Atlanta Black Star received a statement from Rosenberg Police Chief Jonathan White regarding the lawsuit and allegations within it.

The Rosenberg Police Department is aware of media stories involving a lawsuit filed against the police department regarding an incident on November 6, 2020. While we are disappointed in the amount of incorrect information found in the plaintiff’s complaint and media articles, we will respect our justice system by responding to the appropriate court with factual information,” White’s statement said.

Bonds says, her office tried to get their hands on body camera video of the traffic stop, but were told by a public records city official, “they don’t have a video from the stop” leading Bonds to question if the officers ever activated their body cameras or dash cameras or if the footage was deleted.
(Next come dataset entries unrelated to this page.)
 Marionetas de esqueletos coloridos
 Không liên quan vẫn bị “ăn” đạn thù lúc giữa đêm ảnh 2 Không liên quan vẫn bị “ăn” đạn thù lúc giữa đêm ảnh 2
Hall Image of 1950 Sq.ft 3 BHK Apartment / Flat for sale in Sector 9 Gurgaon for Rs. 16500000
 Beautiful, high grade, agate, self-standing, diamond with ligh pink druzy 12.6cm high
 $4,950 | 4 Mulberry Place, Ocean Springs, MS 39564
Bonds described via email her efforts to obtain police officials account of what happened during the stop:

“The only record of the stop we received was an incident report that included next to no details. We made several public information act requests between April and June of this year for any record that mentioned our clients names, their license plate numbers, as well as requests for documents for stops made at the time and date that our clients were stopped. Rosenberg’s public records officer informed us that no such documents existed. Unfortunately they were not able to tell us if the documents previously existed but were later destroyed pursuant to a departmental records retention policy or if they were never created in the first place. 
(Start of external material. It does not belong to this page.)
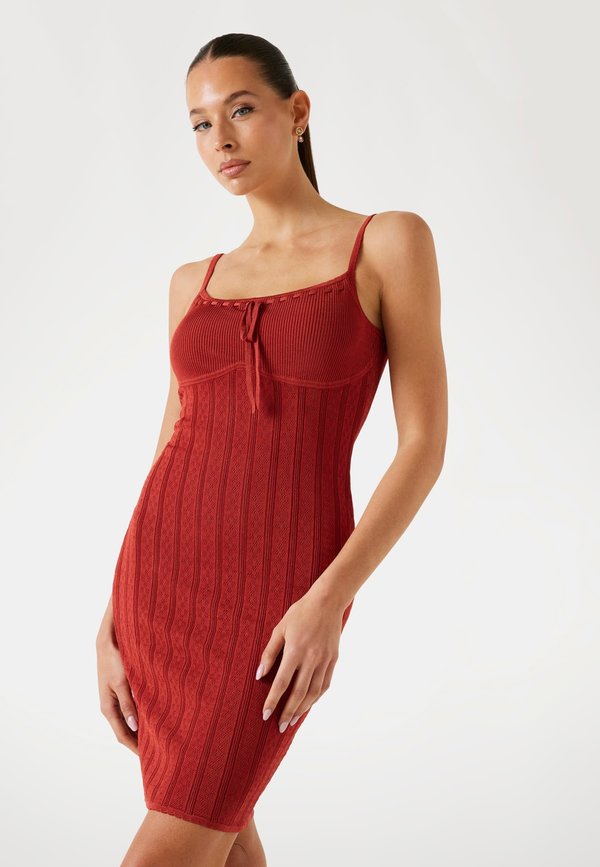 KURZES  - Etuikleid - rot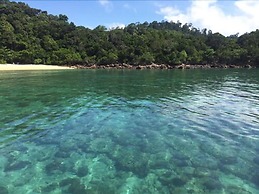 Koh Ngai Paradise Beach Resort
“We are eager to hear RPD’s response to the allegations in the complaint. Not only to our clients’ allegations but to the dozens of other civilians who alleged they experienced or witnessed similar misconduct.”

The lawsuit has an unspecified dollar amount of damages at this time. In addition to potential monetary damages, another aim of the lawsuit is to persuade Rosenberg police to change the way they interact with the City’s non-white population.

“I want it to be better for people around here because they mess with a lot of people of color,” Armstead said of the intended purpose of the lawsuit.

Armstead and Lewis say they did not receive any citations during the traffic stop by Rosenberg police.